# Homework Help: Find the distance from the origin to the line x=1+y, y=2-t, z=-1+2t

1. Sep 25, 2011

### goomer

Question: Find the distance from the origin to the line x=1+t, y=2-t, z=-1+2t

Equations: r = r0 +tv

Attempt:

I think I solved for the vector line equation correctly:

r = < 1, 2, -1> + t< 0, -1, 2>

But I don't know where to go from there. Help please!

Last edited: Sep 25, 2011
2. Sep 25, 2011

### flyingpig

3. Sep 25, 2011

### Dick

What kind of a approach is your book, notes or lectures using? You could differentiate |r|^2 with respect to t and find the minimum if you are doing calculus. Or you could do vector operations like dot and cross product to find it. You've got to have some clue.

4. Sep 25, 2011

### goomer

Well, we've learned that the distance between a point and a plane is

| ax0 + by0 + cz0 + d | / √ ( a^2 + b^2 + c^2)

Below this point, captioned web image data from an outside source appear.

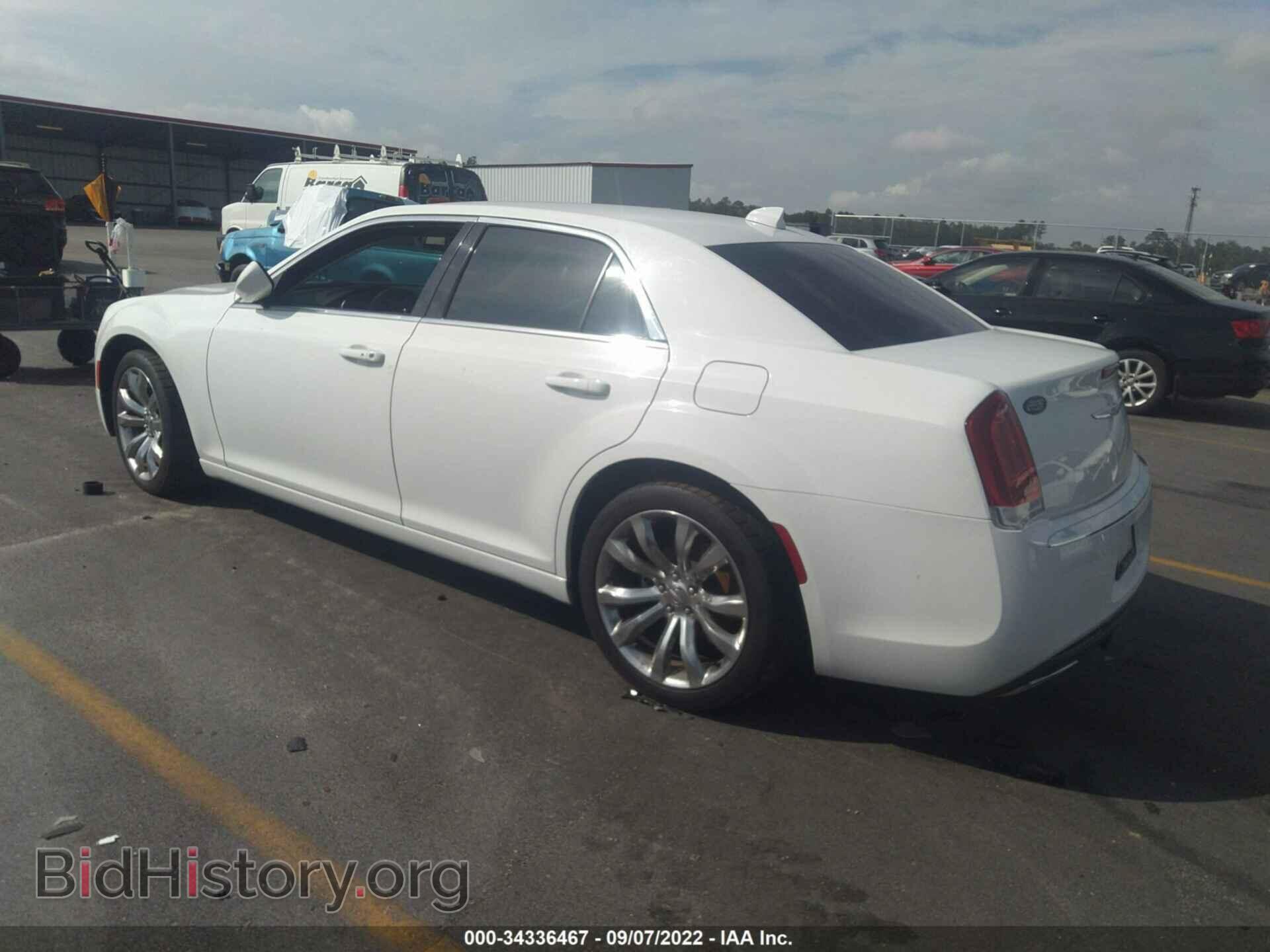 2016 CHRYSLER 300 - VIN: 2C3CCAAGXGH343883 - Фото 3
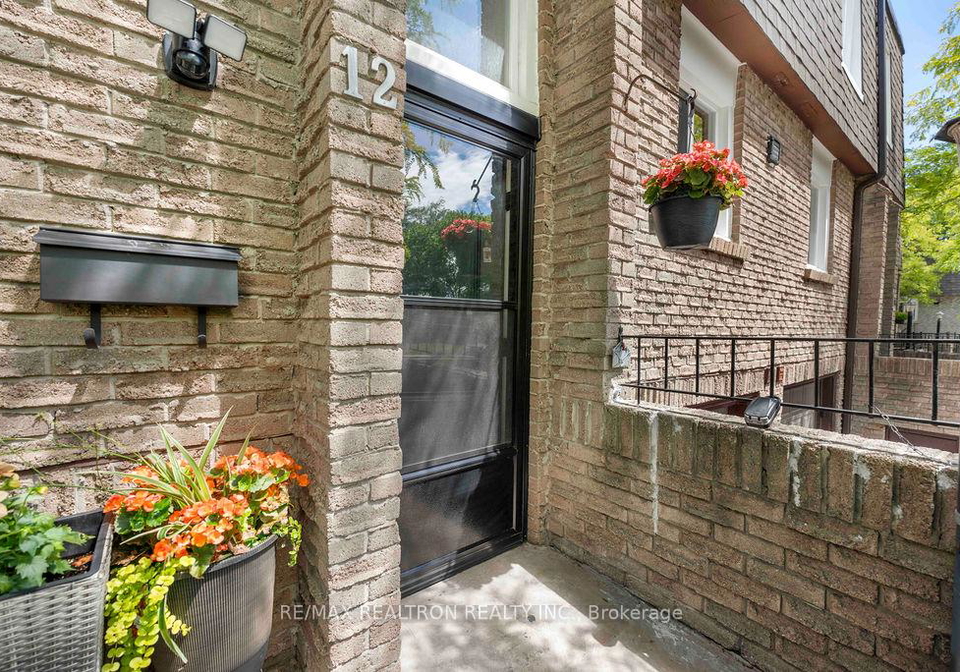 1-davisbrook-boulevard-scarborough-ontario-e13475634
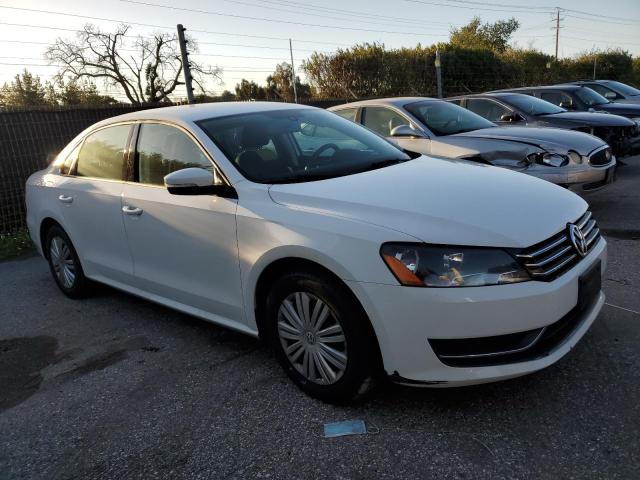 Photo 4 from auction – 2015 VOLKSWAGEN PASSAT S with VIN 1VWAT7A3XFC068498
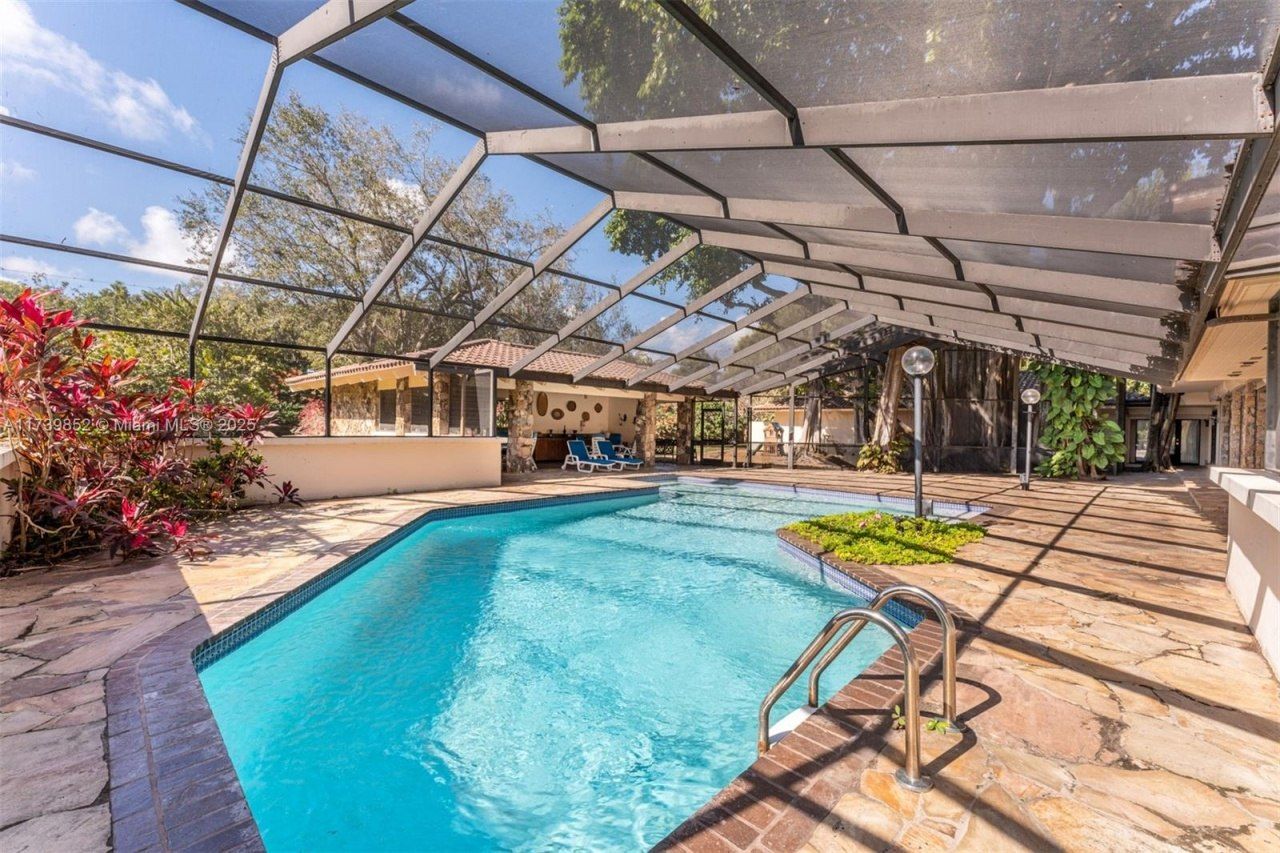 9490 Old Cutler Ln, Coral Gables, FL 33156 Photo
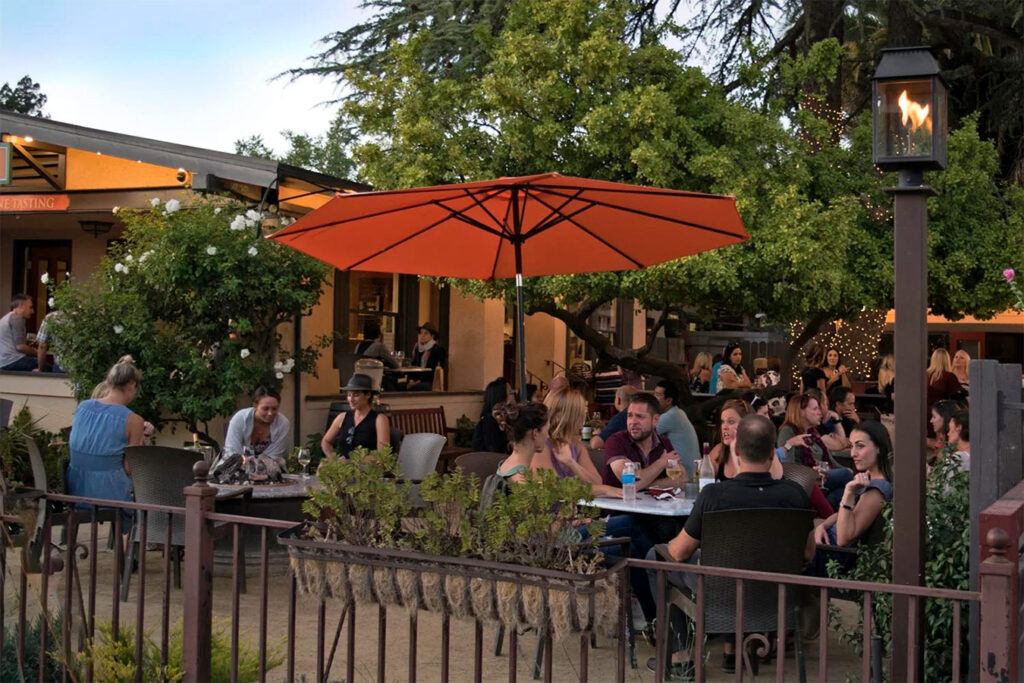 RocheWineryTastingRoomontheSonomaPlaza101 1024x683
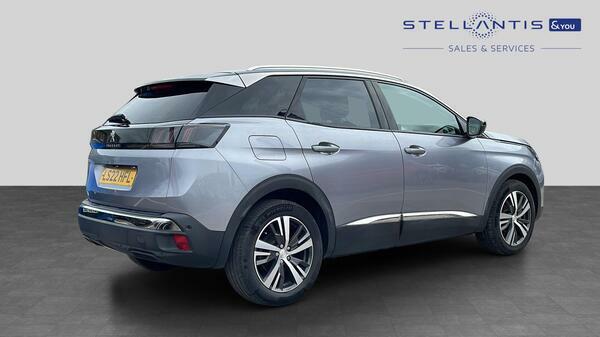 Peugeot 3008 1.5 Bluehdi Allure Premium Suv E LS22HFL  #3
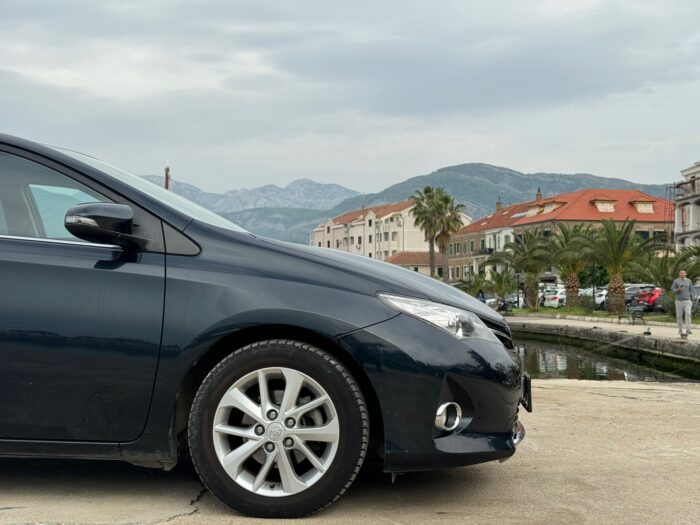 Toyota Auris Black - Image 4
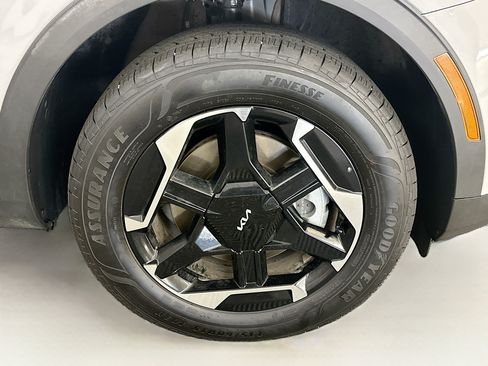 Used 2026 Kia Sportage S AWD/4WD image 11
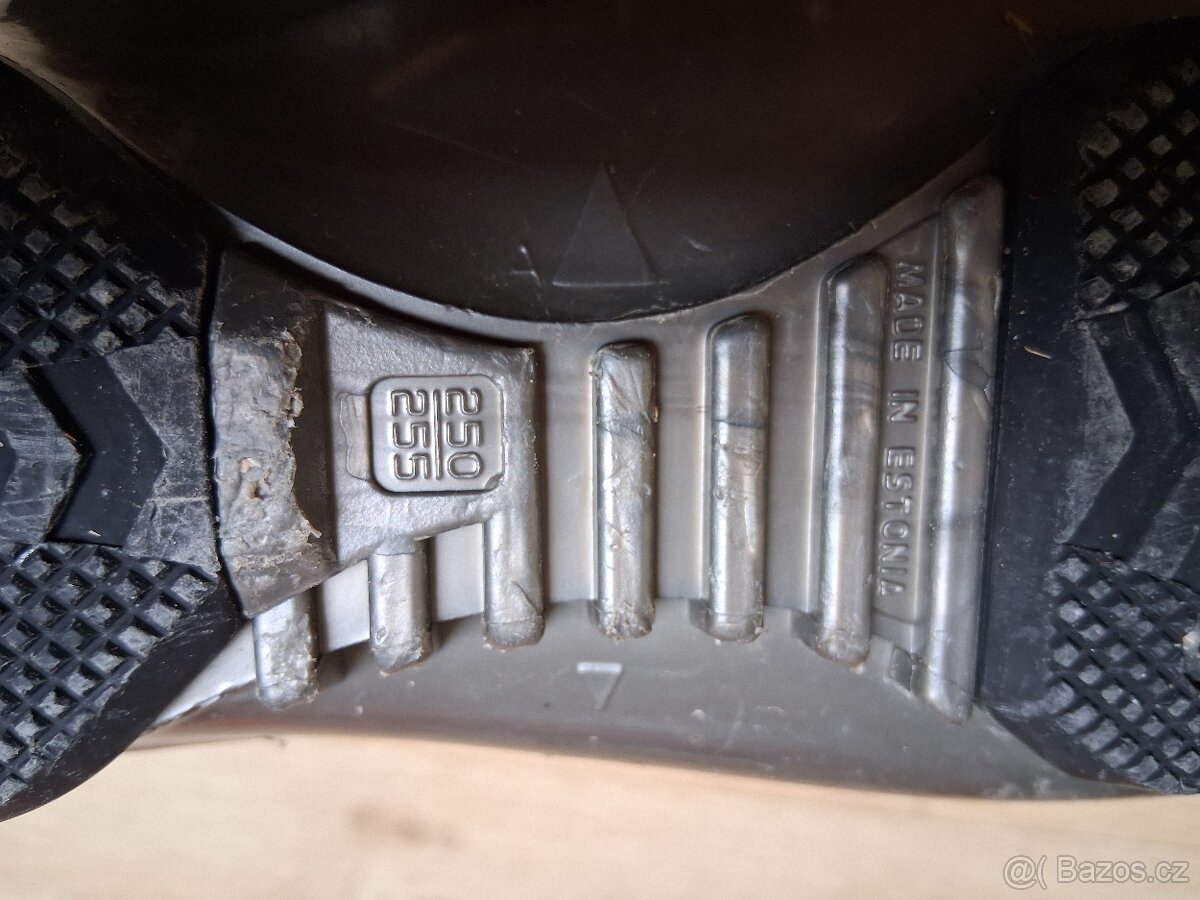 Prodám lyže a pŕeskáče - 5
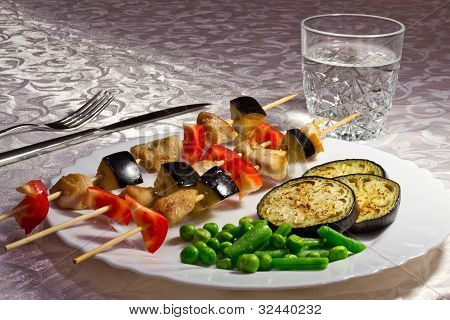 Assiette de légumes et de viandes grillées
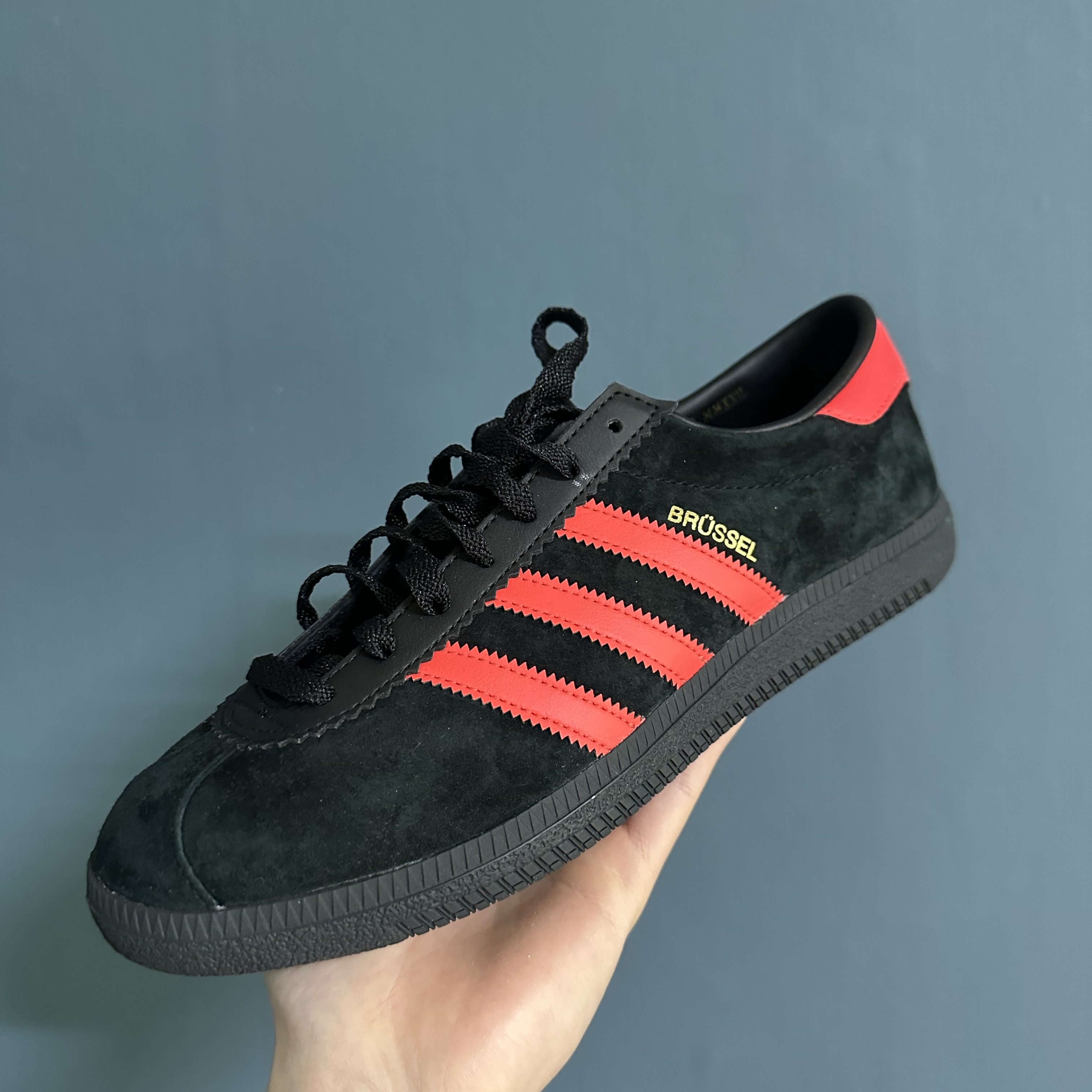 Adidas Brussels Core Black Bright Red 착용 스타일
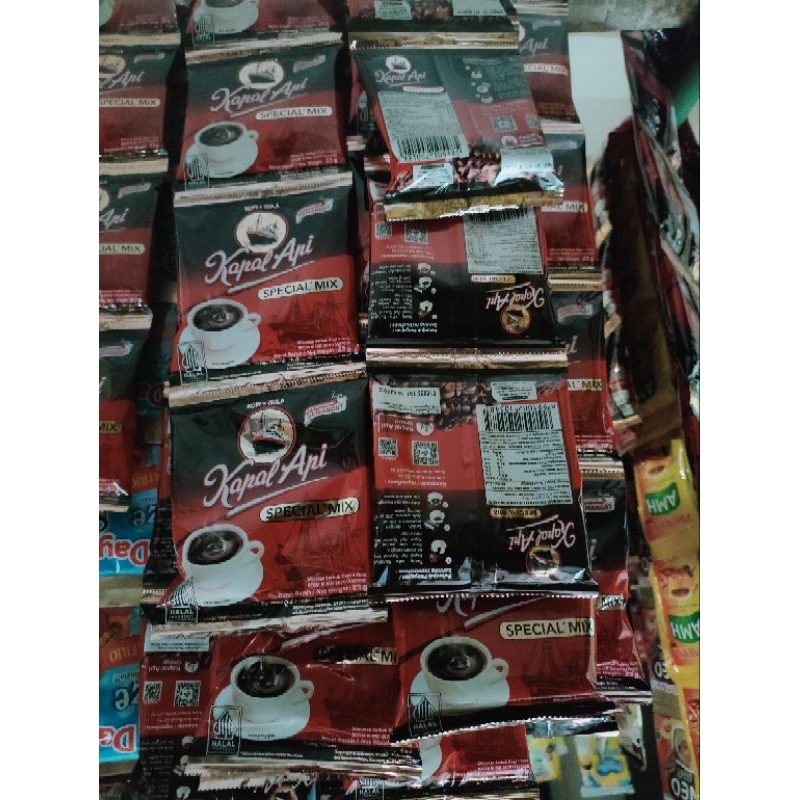 

Kopi kapal api spesial mix+gula 2 renceng 20 sachet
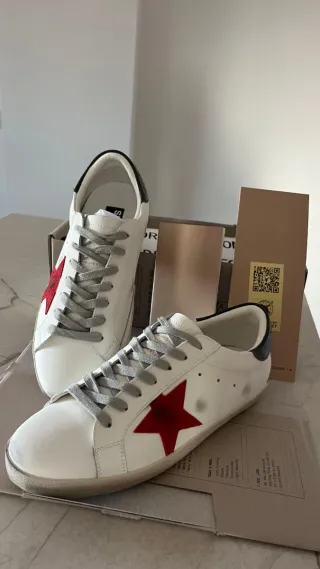 Golden Goose Superstar Blancas con Estrella Roja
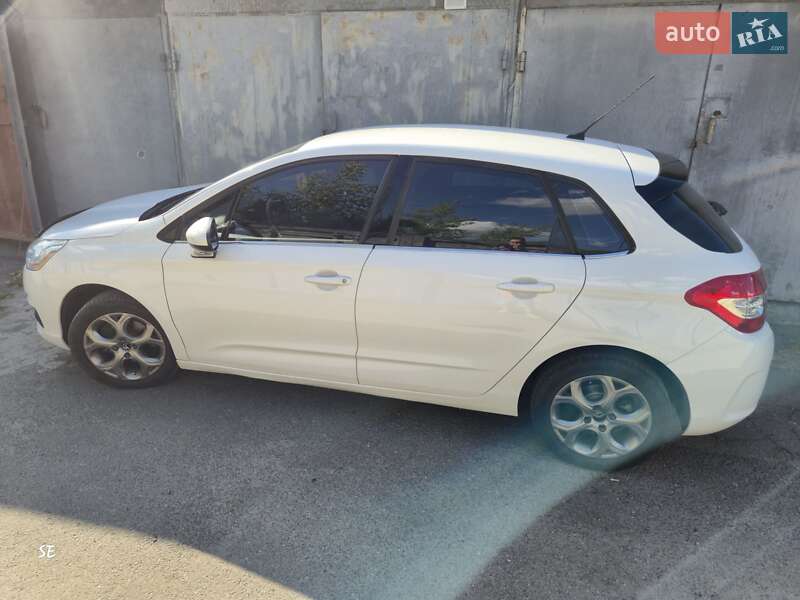 Хетчбек Citroen C4 2013 в Києві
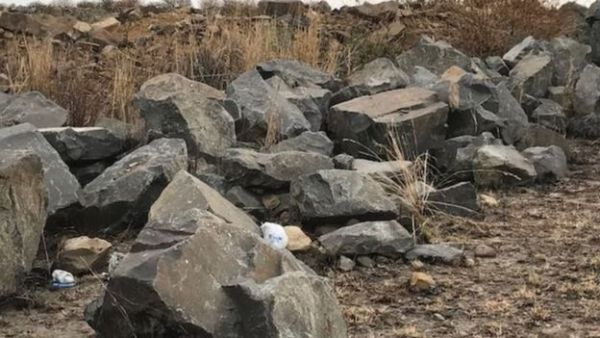 بين هذه الحجارة وجدت بقايا جثث بشرية مأكولة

but this is finding the distance between a point and a line, so I don't see how it would help, or if it's even relevant.

5. Sep 25, 2011

### flyingpig

What is the distance formula?

6. Sep 25, 2011

### Dick

No, probably not really relevant. Do you know the vector dot product? Stuff like that? If your line is L(t)=r0+tv, you want to find a point on your line where L(t)-<0,0,0> is orthogonal to the direction vector of your line, v. Do you see why?